In the end, in the middle of a turn, the steering stopped responding and I realised the anchor had taken hold again. The boat came to a standstill even though the wind was still strong at force 7.
Although this was an experience I'd rather have done without, it was yet another lesson learned of trying to cope alone.
The outboard engine on the dinghy was now flooded with salt water so it couldn't be used without a major service operation. The oars and the seat were gone too so I had no possibility of getting ashore. On top of all that my phone had run out of credits so my only means of communication was by email.
The lessons I learned were obviously to empty the dinghy before the wind gets too hard or to hoist it on deck. Another lesson is the importance of being able to communicate. I couldn't use the VHF radio to ask for help in this case because of the ongoing mayday rescue operation in progress. My greek phone can only be topped up with credits at the nearest seveneleven and not over the internet so I have to remember that in time.

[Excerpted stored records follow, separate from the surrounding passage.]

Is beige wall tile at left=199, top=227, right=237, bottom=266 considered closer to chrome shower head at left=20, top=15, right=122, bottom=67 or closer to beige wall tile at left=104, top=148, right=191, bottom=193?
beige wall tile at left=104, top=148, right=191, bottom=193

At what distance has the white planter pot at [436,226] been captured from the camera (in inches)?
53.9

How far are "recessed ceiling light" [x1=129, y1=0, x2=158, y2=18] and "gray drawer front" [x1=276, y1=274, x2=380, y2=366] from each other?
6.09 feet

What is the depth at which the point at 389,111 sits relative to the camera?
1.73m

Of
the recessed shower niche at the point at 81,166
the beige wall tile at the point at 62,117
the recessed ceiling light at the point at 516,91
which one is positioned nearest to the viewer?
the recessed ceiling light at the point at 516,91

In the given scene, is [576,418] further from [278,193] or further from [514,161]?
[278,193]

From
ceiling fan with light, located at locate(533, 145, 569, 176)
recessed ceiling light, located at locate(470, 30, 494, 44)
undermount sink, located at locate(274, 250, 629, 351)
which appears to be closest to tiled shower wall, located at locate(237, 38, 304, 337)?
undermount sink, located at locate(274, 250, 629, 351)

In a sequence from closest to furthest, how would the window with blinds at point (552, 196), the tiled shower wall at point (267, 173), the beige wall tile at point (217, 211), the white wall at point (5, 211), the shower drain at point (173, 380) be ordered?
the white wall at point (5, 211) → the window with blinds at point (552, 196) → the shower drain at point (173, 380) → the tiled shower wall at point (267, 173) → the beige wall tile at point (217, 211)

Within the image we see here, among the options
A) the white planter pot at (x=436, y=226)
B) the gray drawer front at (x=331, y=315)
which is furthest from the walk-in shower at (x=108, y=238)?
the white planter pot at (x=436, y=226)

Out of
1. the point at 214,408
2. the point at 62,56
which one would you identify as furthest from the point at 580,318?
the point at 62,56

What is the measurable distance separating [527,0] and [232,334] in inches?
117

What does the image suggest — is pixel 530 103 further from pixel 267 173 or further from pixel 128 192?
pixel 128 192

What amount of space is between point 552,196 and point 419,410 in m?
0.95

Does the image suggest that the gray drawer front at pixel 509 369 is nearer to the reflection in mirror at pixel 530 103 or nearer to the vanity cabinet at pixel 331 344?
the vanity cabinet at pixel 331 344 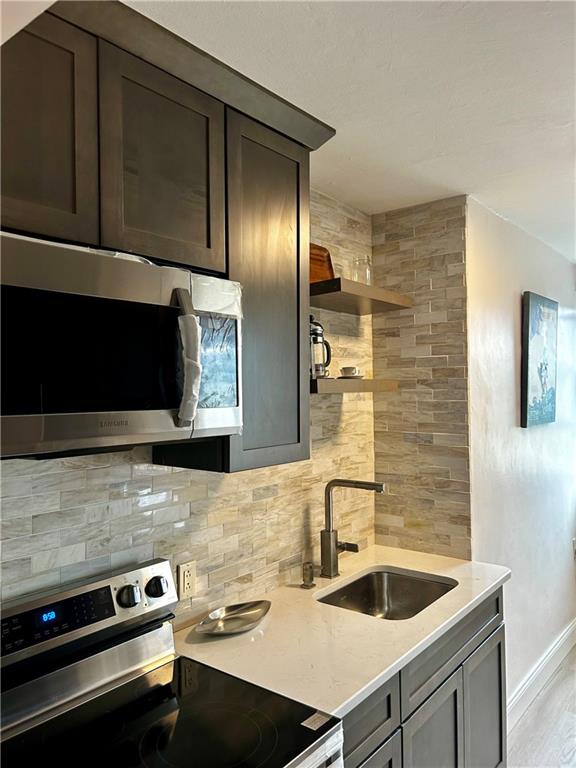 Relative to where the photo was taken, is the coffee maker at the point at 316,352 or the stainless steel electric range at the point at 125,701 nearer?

I had always thought I'd be able to get the anchor up and move out of harms way if conditions got rough. I thought by driving the engine slowly forward and keeping on course with the autopilot, I could be able to go on deck and lift the anchor with the electric windlass. But reality is different than theory and the fact was I had to stay at the helm to steer all the time and a slow speed wasn't enough to keep the boat under control. I am now contemplating a different anchor and thicker chain.